E. Repenser le fonctionnement des outils
CRM
En partant du postulat que les outils de gestion dictent
une grande partie du comportement des collaborateurs
en contact avec les clients, et qu’il va être difficile de
changer radicalement cet état de fait, c’est bien sur les
outils qu’il faut agir. Aujourd’hui, ces solutions enregistrent des transactions, des demandes typées, des « cas ».

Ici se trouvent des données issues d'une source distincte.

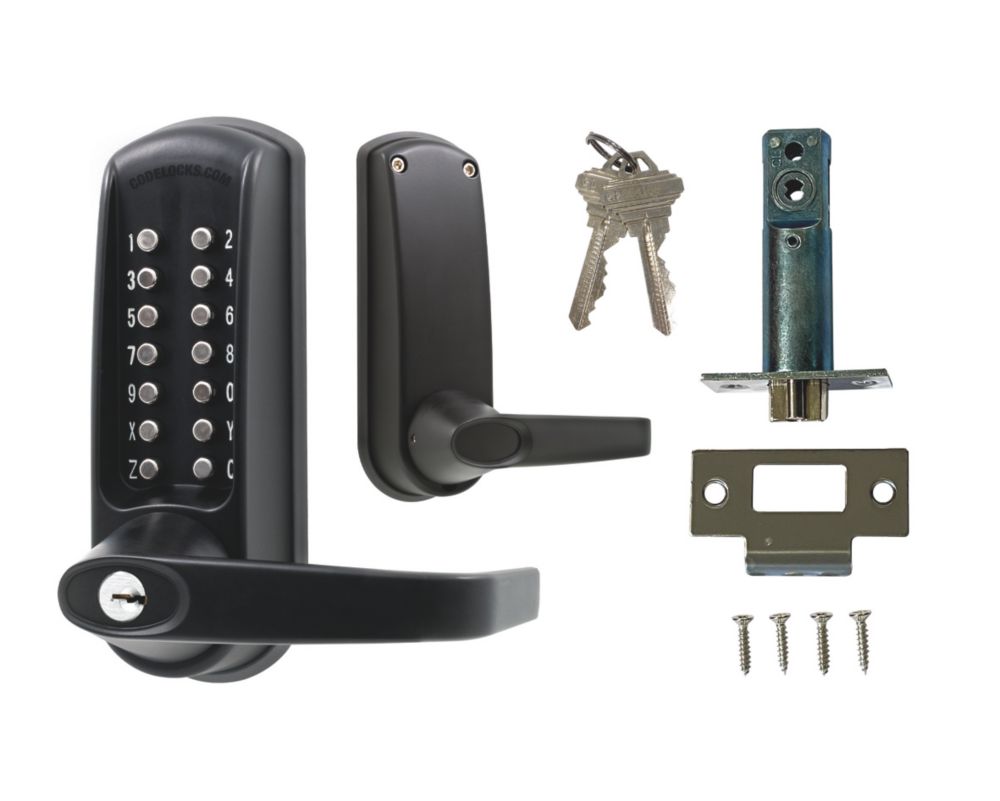 Codelocks PushButton Lock with Mortice Latch 86mm Screwfix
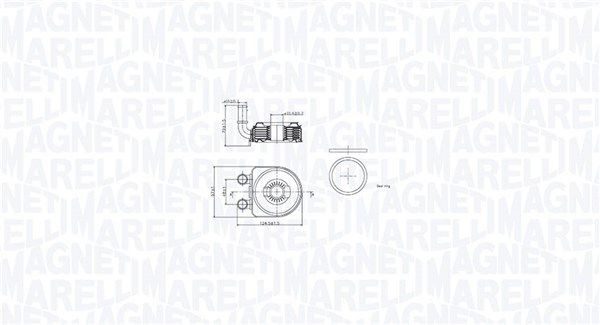 MAGNETI MARELLI Oljekjøler, motorolje 350300002500 Oljekjøler MAGNETI MARELLI Lancia DELTA 350300002500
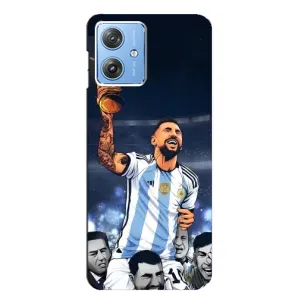 Чохли для Motorola MOTO G54 / G54 Power (Leo чемпіон) (AlphaPrint) (Мессі з кубком)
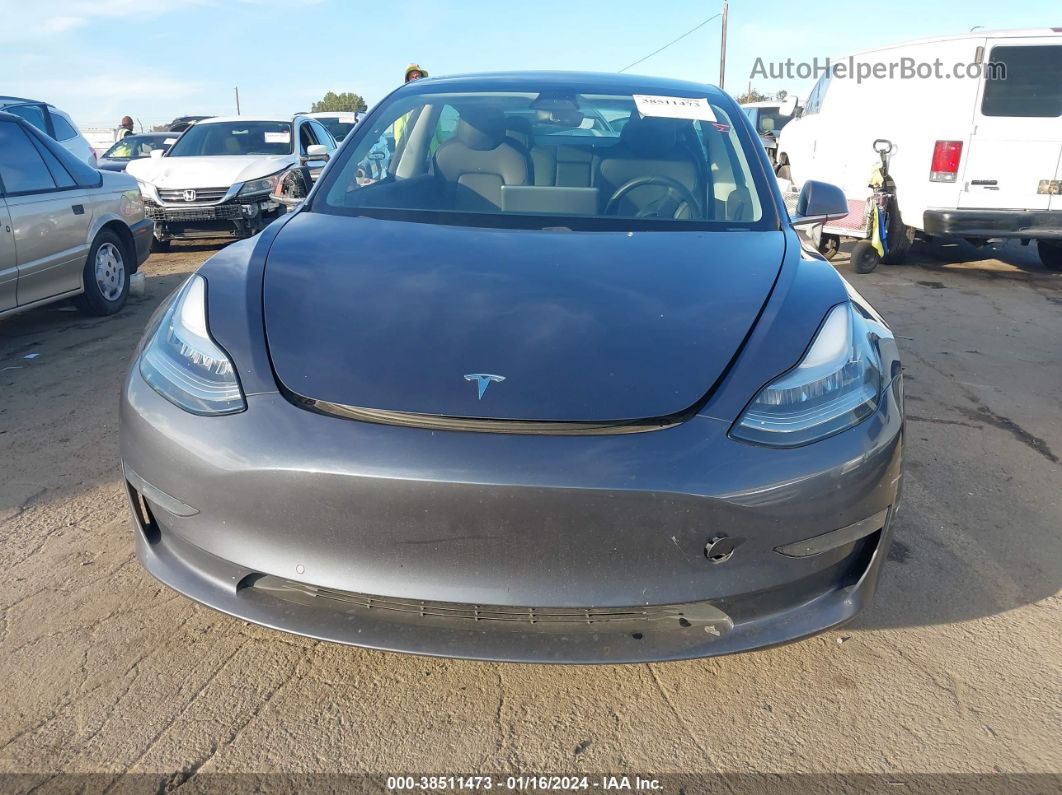 2020 Tesla Model 3 Long Range Dual Motor All-wheel Drive Gray vin: 5YJ3E1EB1LF649598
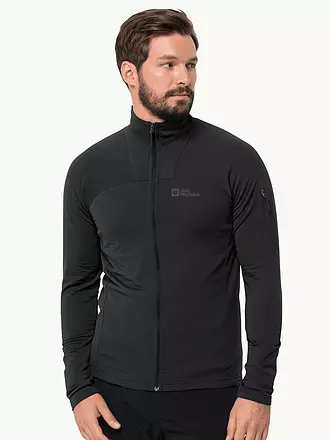 JACK WOLFSKIN | Herren Fleecejacke Prelight | schwarz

Or il est impossible de réduire l’expérience client à une
succession de cas. Pour le client A, l’erreur minime dans
la facture est beaucoup plus angoissante que le retard de
remboursement. Pour le client B, c’est l’inverse. Tel client
s’excuse presque de déranger lorsqu’il appelle pour signaler la panne de sa chaudière alors qu’il fait 5°C chez
lui. Tel autre sait bien qu’il est seul responsable du gel de
son compteur d’eau, mais aimerait un mot de sympathie
après 2 compteurs gelés en 3 ans.
Comment prendre en compte ces différences dans les
CRM et agir en conséquence ?
– Revoir (si possible) ou ajuster la nomenclature des cas
(ou demandes) pour ajouter une dimension émotionnelle. La structure de cette nomenclature doit permettre
de ne pas considérer uniquement les cas « cliniquement
graves » comme des cas sérieux ou nécessitant un traitement prioritaire.
– Prévoir des reportings suivant non seulement les
types de cas mais aussi les manifestations émotionnelles
diverses des clients (que seuls les collaborateurs de frontline peuvent réellement détecter).

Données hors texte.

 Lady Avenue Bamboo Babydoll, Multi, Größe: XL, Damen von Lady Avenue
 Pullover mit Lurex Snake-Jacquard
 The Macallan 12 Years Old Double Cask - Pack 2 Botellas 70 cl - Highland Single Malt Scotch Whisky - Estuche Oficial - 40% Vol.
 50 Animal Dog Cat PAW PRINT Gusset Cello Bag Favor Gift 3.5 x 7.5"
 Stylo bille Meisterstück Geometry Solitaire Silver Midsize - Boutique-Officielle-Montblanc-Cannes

F. Enrichir la connaissance du client et de
ses attentes
Les dispositifs d’écoute client doivent s’adapter pour
capter au mieux les attentes relationnelles des clients.
Si le baromètre de satisfaction demeure aujourd’hui un
standard, de nombreuses entreprises se sont aperçues
qu’elles ne savaient plus rattacher actions menées et résultats mesurés. La vérité est qu’il est difficile de se mettre
à la place du client, multiforme, changeant, à travers les
seuls résultats d’un questionnaire pas forcément administré au moment où la réponse risque d’être la plus pertinente.
On privilégiera donc les mesures post-transactionnelles
(interrogation d’un client à chaud après un contact ou un
achat) éliminant ainsi le problème du moment d’interrogation et renforçant l’opérationnalité des indicateurs
grâce à la livraison en temps réel des feedback clients.
On adoptera, en complément, une approche résolument « qualitative », permettant lors d’entretiens en profondeur ou de réunions de groupe consommateurs, l’exploration de nouvelles pratiques et usages permettant
l’identification d’insights.
L’observatoire des usages du numérique (http://www.
observatoire-nexstage.fr) nous a par exemple permis
d’identifier des motifs de résiliation dans la banque, liés
au non-rafraîchissement (angoissant !) des informations
de compte, dans un contexte où la non-anticipation
d’une dépense ou d’un prélèvement est devenue la règle.
Enfin, on accentuera, par tous les moyens disponibles,
sur tous les canaux et à tous les niveaux de l’organisation,
la politique d’écoute des échanges clients, en examinant
des échanges de mails, de chat, des conversations en magasin, des enregistrements téléphoniques, etc.